[Problem statement]: Starting at the line that contains "白いキッチンで料理する娘の母親の映像 — ストック動画", write out each line through the end of the data below, exactly as it stands. Skip any pictures.

[Data section]:
▬▬▬▬▬▬

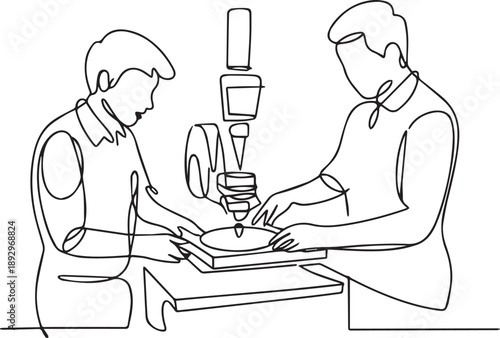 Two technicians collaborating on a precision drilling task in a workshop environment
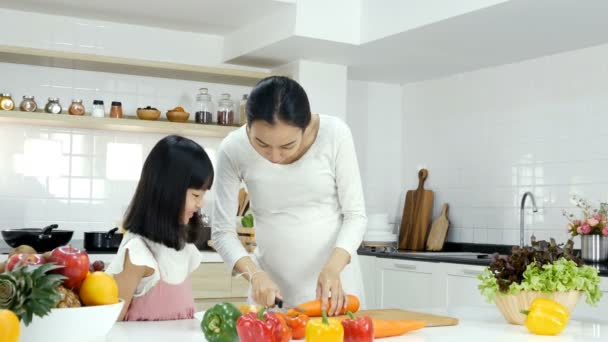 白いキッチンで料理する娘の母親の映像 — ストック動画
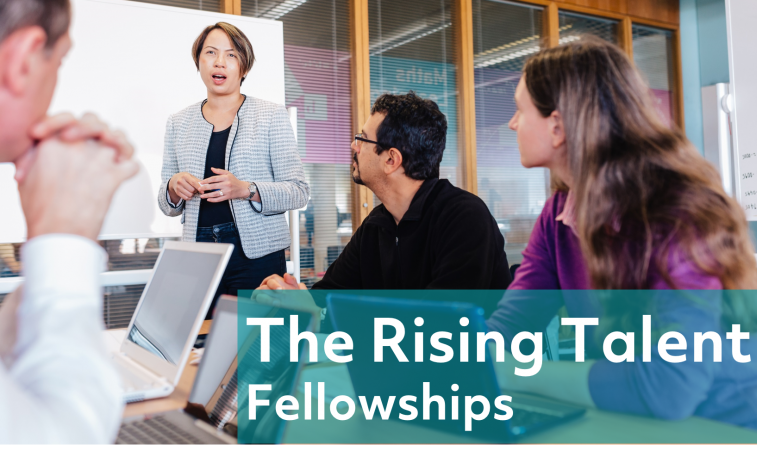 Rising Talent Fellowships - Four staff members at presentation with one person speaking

▬▬▬▬▬▬

[Output of the task]:
 白いキッチンで料理する娘の母親の映像 — ストック動画
 Rising Talent Fellowships - Four staff members at presentation with one person speaking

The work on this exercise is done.